Die Gebote der Stunde und für alle Ewigkeit lauten: Transparenz, Offenheit, Haushaltswahrheit und Haushaltsklarheit, Kooperation mit der Bezirksregierung in Arnsberg, verbesserte Finanzausstattung der kommunalen Ebene und eine vertrauensvolle Zusammenarbeit mit der Personalvertretung.
Wir brauchen in Dortmund eine neue politische Kultur, wir brauchen einen Systemwechsel auch im Umgang miteinander. Dieser Schock sollte gemeinsam verarbeitet werden.
Ich persönlich würde mich über eine Entschuldigung manch eines Akteurs freuen, der entweder unkorrekt berichtet hat oder mich persönlich ohne Kenntnis der Hintergründe verunglimpft hat. Auch meine Familie fände das ehrenhaft.

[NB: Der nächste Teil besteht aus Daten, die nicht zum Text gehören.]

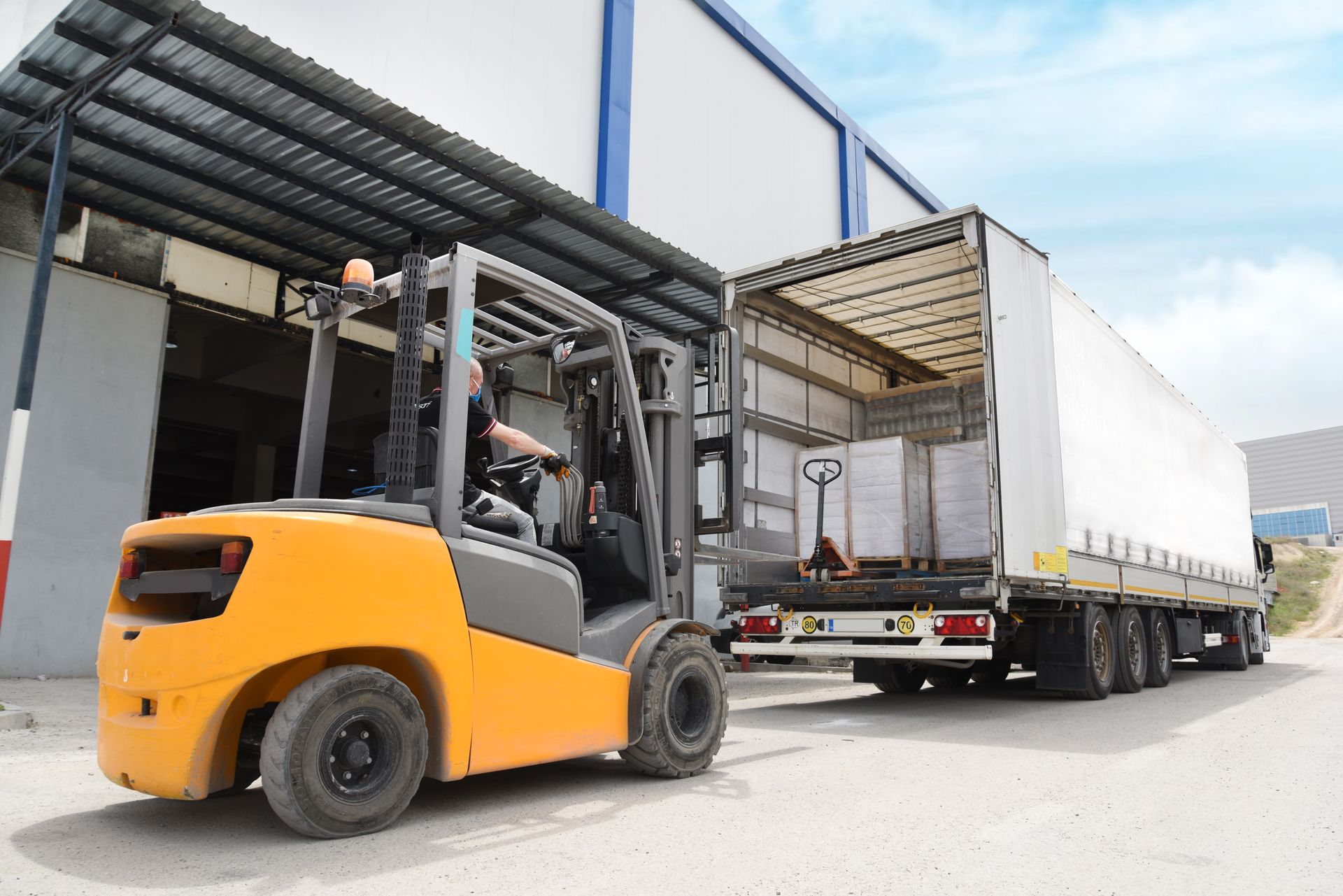 Yellow forklift loading a white trailer at a warehouse.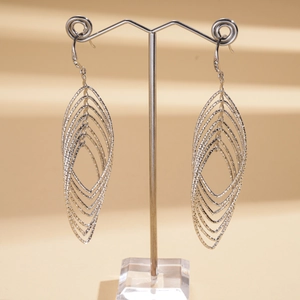 Macro detail of layered marquise-shaped silver earrings on a professional display stand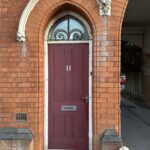 a red door in a brick building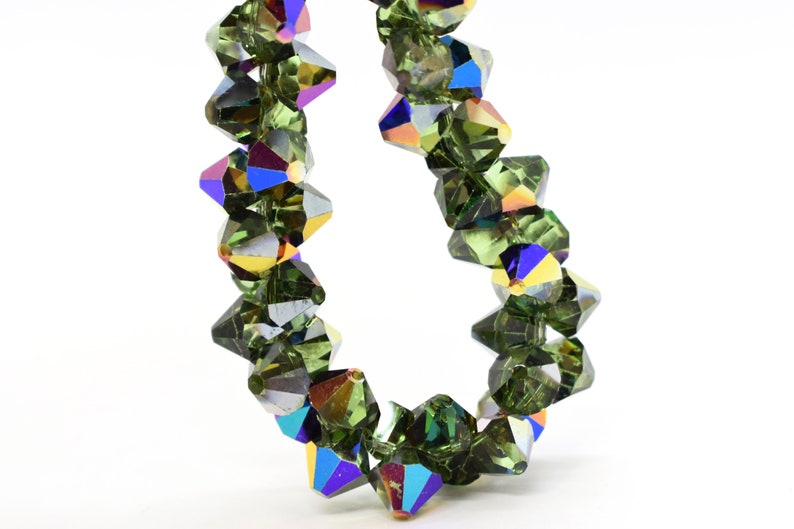 May include: A strand of dark green iridescent crystal beads. The beads are faceted and have a pointed shape.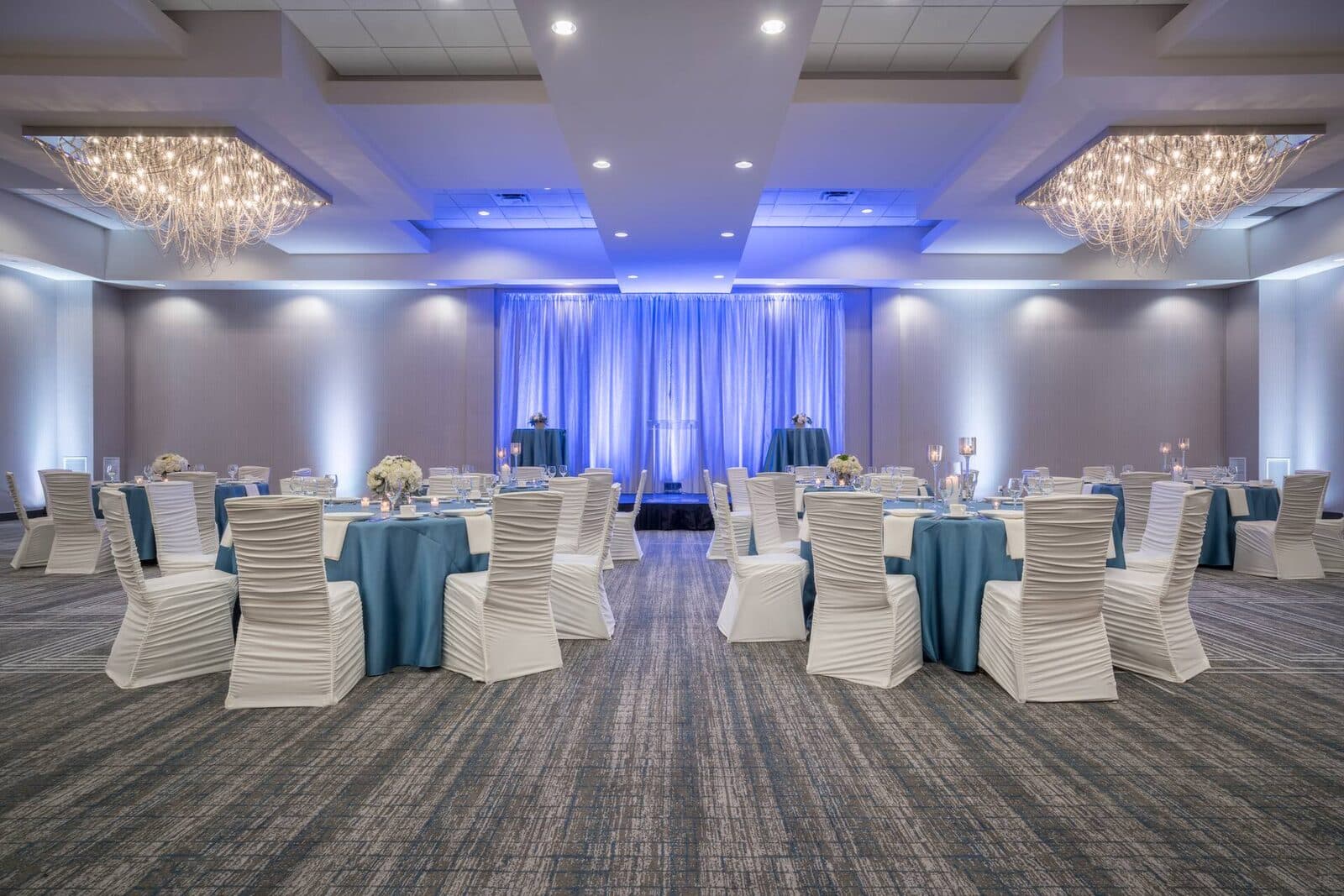 The ballroom at Hilton Minneapolis/Bloomington set for a gala with round tables under crystal chandeliers, Bloomington, MN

Was hier als „Betrug“ bezeichnet wird, ist m.E. nicht justitiabel. Das muss durch die verschiedenen Instanzen des Rates bzw. vor Gericht geprüft werden.

Aber die Stadt, die Wählerinnen und Wähler, haben auch einen Anspruch darauf, dass der mit deutlichen Vorsprung gewählte Oberbürgermeister antritt, in die Hände spuckt und an die Arbeit geht. Dabei wird die Aufklärung aller Vorwürfe an erster Stelle stehen. Als gewählter OB bin ich bereit, dass drohende Wahlanfechtungsverfahren durchzustehen. Ich habe nichts verbrochen und habe ein reines Gewissen.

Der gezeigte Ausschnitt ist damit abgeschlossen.